My History with Mainframes

by: Paul Bishop

I started working on IBM mainframes at the end of 1980, just after graduating from high-school. First job was to assist Richard Kader from Circle Computer Services (Schaumburg, IL) with the de-install of a 3148 and installation of a 3158 in Hackensack, NJ. I don't remember the name of the bank. For the next few years I worked full-time for Circle with installs, de-installs, upgrades, etc., of various machines; 3158, 3168, 3033, 3031, 3032. Most of my work was on the 3033. Lots of installs and feature work like data-streaming (104x), director 3 installs (channels 13-16 / frame 07), memory upgrades, channel-to-channel adapters, etc. Did a lot of jobs with my brother Glenn who taught me everything I know. In 1984 I quit Circle to become independent. I continued to work on 3033 and slowly switched to 308X (3081, 3083, 3084) as they became popular. In 1987 I designed memory for the 308X series and in 1988 I started BSM Corporation (Schaumburg, IL) with my brother and father (Glenn and Glenham respectively) to design and manufacture memory for IBM mainframes. I continued to design and manufacture memory for 308X, 3090, and 9121 machines through the end of 1994.

IBM 3033

The 3033 was my favorite machine because it was the last machine you could actually scope, diagnose, and fix. The 308X series introduced the TCM and you really never needed to carry around a scope after that (maybe to diagnose power problems). My conjecture is that there were two mainframe teams at IBM: 3033 > 3090 > ES-9000 and 4381 > 308X > 9121. Not sure, but that's how the machines smelled.

- 1: Me and a 3033 (circa 1981). Frame 02 (IPPF, E-FUNC) to my right, Frame 01 (PSCF, Trace, Clocks) to my left. High-speed multiple board (A2) under my elbow. A $hit-long time ago.
- 2: They didn't pay us much so we had to eat whatever was laying around. Snacking on some 50Ω(purple) & 90Ω(orange) tri-leads between the gates of director 2 (frame 05).
- 3: Sitting on the 3036 console. Frame 01 background left (silver covers). Frame 03 (memory) background center. Frame 04 (power supplies) background right.
- 4: 3033 Uniprocessor Frame Layout

My 3033 3D Model Fly-Around Video. Yeah I need to work on the 3277s and grills for the 3036 doors (and panel). I'm a new blender user - so give me a pass on this one.

IBM 4331

I purchased a 4331 (the only S/370 mainframe that ran on single-phase 240v) to repair memory cards for 4331, 4341and 4361 machines.
- Below Left: 4331 in my apartment, circa 1987
- Right: Moving that 4331 to BSM, 1988. My brother Glenn (upper left), my brother Tom (upper right), and my father.

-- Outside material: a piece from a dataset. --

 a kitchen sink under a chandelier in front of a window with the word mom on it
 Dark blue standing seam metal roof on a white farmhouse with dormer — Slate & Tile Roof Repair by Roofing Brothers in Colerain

Note: IBM hierarchy/terminology is Card > Board > Gate > Frame, so memory cards plug into boards, boards are in gates, gates are in frames.

BSM 308X Memory

In 1997 I designed memory for the IBM 308X series mainframes. Microcode was on 8" floppy which contained the machine configuration. I purchased an 8" drive system, analyzed the disk layout, analyzed the configurations, and wrote two assembly (x86) programs; PDU and PCF. PDU (Processor Disk Utility) was a utility that allowed you to view and alter diskette contents. PCF (Processor Configuration Facility) was a utility that displayed the existing machine configuration and allowed the user to alter the config, e.g. set memory size, add channels, etc. Sold several PDU/PCF systems to various staging houses (Comdisco, Circle, Enterprise, Data Hardware, etc.).
- Below Left: 1st 308X protype working on the backplane (IBM card unplugged from the front). Circa 1987. Green tri-leads are 80Ω (data lines had 80Ω resistor on each end).
- Center: 308X Frame S Memory gate backplane and 8 boards (this was a 3083 at Computer Express in Chattanooga). Circa 1987.
- Right: 308X Frame S Memory gate side view.

- 1: 308X Frame S Memory gate front view (card slots).
- 2: Another view of 308X Frame S with memory gate.
- 3: 308X Frame S (left), frame X (center), and frame F (right end). Extreme left is the service processor and console frame.
- 4: 308X Frame Layout

- Below Left: Showing the other side of frame S with one CPU (left) and the channel controller (right). Another CPU is above left and the system controller is above right (not shown). This picture was from a 3081 install at TRW in Anaheim, circa APR-1985.
- Center Left: Catching some Zs on that job with 3350 farm in the background.
- Center Right: Inside the service processor frame (channel drivers bottom, channel power supplies top-left, service processor HDD right).
- Right: Threw in a nice picture of a 3081 next to a vinyard in Marsalles, Frace, circa 1987. Don't remember what the job was. Channels I think.
- Far Right: Yeah, super crappy pic but 1st time on a Concorde (OK, the only time - but who's asking?).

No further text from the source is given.